A Giant Schnauzer saunters by with it's owner.


Euro pets go everywhere, restaurants, airports, shops.

We don't take our pets to the airport or the restaurant because we are afraid of germs but we do let them crap all over our streets and in our children's parks.


We don't go in for nudity or porn yet we have the highest rate of teenage pregnancy.


We don't let our kids drink wine yet we binge at the weekends.


Quite simply, the British are repressed and so are their pets.

Our island existence together and two world wars has made us different to our European counterparts. In fact the British don't even consider themselves to be European.

Lord knows how our little lambs will cope on the continent?


Thursday, 5 June 2008

Executioner's tea party.

'I thought we might have a cup of tea first.' Says Mrs Bridger.

Oh how I loathe euthanasia visits.

The pressure to ensure a good clean kill is felt nowhere more than when positioned between the sofa, the dog basket, two neighbours (assembled to offer support/stories of pets gone by) and the mantle piece upon which Grannie's ashes sit.

Invariably poor lighting will make the visualisation of the vein impossible. Hindered yet further by the pet's shrinking circulation as a result of at least four consecutive days of collapse after the owner's sad yet optimistic hope that their pet will be 'gone by morning'.
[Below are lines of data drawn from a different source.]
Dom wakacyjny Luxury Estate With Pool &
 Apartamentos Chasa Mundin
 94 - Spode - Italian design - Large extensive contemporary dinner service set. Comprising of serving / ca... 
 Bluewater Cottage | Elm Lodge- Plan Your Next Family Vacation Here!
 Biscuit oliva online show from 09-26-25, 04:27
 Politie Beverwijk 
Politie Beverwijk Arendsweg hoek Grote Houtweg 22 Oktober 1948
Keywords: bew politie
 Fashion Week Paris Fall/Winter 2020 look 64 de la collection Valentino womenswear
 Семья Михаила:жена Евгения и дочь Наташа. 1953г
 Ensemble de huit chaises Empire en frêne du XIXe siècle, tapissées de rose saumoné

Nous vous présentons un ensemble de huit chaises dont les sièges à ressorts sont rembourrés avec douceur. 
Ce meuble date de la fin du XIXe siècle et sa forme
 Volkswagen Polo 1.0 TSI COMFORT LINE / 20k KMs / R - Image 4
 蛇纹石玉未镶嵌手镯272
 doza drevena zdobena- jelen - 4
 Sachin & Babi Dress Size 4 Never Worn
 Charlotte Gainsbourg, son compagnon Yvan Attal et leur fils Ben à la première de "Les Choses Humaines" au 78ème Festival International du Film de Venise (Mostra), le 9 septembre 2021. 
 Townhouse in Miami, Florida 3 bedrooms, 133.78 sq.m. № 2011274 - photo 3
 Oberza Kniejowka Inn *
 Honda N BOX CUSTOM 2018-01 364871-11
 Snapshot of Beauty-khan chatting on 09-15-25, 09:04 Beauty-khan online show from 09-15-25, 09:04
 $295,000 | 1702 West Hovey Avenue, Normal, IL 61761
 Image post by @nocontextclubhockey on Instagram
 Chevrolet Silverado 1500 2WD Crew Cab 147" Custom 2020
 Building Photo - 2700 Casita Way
When 'gone by morning' becomes still not 'gone by Friday' the vet is called.

'Milk?' She asks me. 'I thought we might like Rosie to settle first.'

I've never had tea under these circumstances, I'm usually in and out like an efficient yet compassionate assassin, with just the right mix of 'It was the kindest thing for her' and 'please can you open the boot to my car'.

But I have formed an attachment to Mrs Bridger and Rosie. I know that Mrs Bridger's husband has recently died and that Rosie is the last in a long line of boxers that Mrs Bridger has bred herself. I know that Rosie likes tea and biscuits too.

I sip my tea and Rosie settles down in front of the fireplace after her initial excitement to see me.

Mrs Bridger's assembled friend is listing a long line of Corgis that she has kept over the last thirty years, Rosie is snoring and I am wondering just how much of my tea it is polite to drink before I get on with the task in hand.

Rosie passes peacefully whilst chomping on a chocolate digestive biscuit.

It is hard for me not to get upset. Contrary to popular belief vets cry too sometimes.

I am glad that I made time for Mrs Bridger and Rosie. I only wish I could do it more often.

Wednesday, 4 June 2008

A boneo.....



.....is a vet's best friend.
Poor Ebony has terrible ear disease. They have been flushed under anaesthetic but they require daily cleaning. Ebony is a very reluctant patient. She wears her muzzle and gives me that glare, the one where the whites of her eyes are clearly visible.
Until we come to an understanding.
Ear cleaning = 1 x boneo
Ebony's ears are now perfect.
But she has gained 3 kgs.
No doubt I'll be seeing her for her arthritis shortly.